I need to find a good way to attach a knife to this saw. I think sign makers could use that.

Panelsaws
 

Christian @ 2CT Media

Active Member
Yes, an adjustable drag knife utilizing standard utility blades would be awesome. Also a clamp for lightweight materials like styrene would be nice.

I'm really interested in this panel kit, seriously considering getting one and welding up a collapsible metal frame.
 

PanelSaws

New Member
Looks like it's well made. If you can make a dust-free polymetal attachment or make someone else's fit that thing I'd buy one and send you a bottle of Canadian Whisky.

Although for a couple extra bucks plywood would look so much better than osb

I have added dust collection to my saw. I covered the side of the saw where the blade is exposed with polycarbonate and drilled a 1.5" hole in the polycarb and put a tail piece from a garbage disposal through the hole. A 1.5" vacuum hose fits it nicely and it gets over 90% of the dust even when cutting MDF.
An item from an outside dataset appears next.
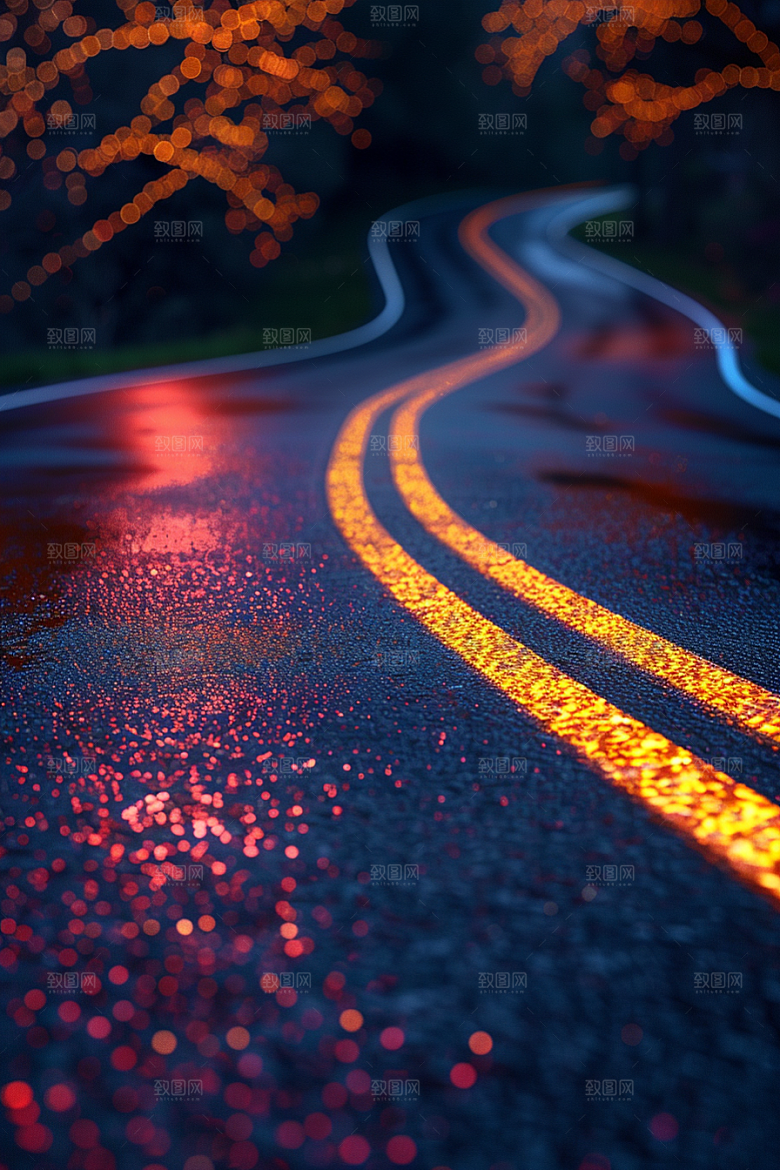 柏油马路户外道路素材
I am working on adapting the kit to fit a Paulk Workbench. Now that would be sweet.
 

Speedsterbeast

New Member
I have added dust collection to my saw. I covered the side of the saw where the blade is exposed with polycarbonate and drilled a 1.5" hole in the polycarb and put a tail piece from a garbage disposal through the hole. A 1.5" vacuum hose fits it nicely and it gets over 90% of the dust even when cutting MDF.

I am working on adapting the kit to fit a Paulk Workbench. Now that would be sweet.

When I say "dust free" I'm referring to a wheeled cutter such as a Fletcher. It has rolling wheels to cut the polymetal, although the Sawtrax design ACM cutter would be much closer to yours
If you could adapt something like this to it, you'd multiply your market here ten fold.
https://www.youtube.com/watch?v=9dNsQjckb7I
 

Christian @ 2CT Media

Active Member
How has that problem been solved?

There are lots of materials that a rotating saw tooth blade doesn't provide the cleanest cut to in the sign industry like a drag or rotary pressure knife does.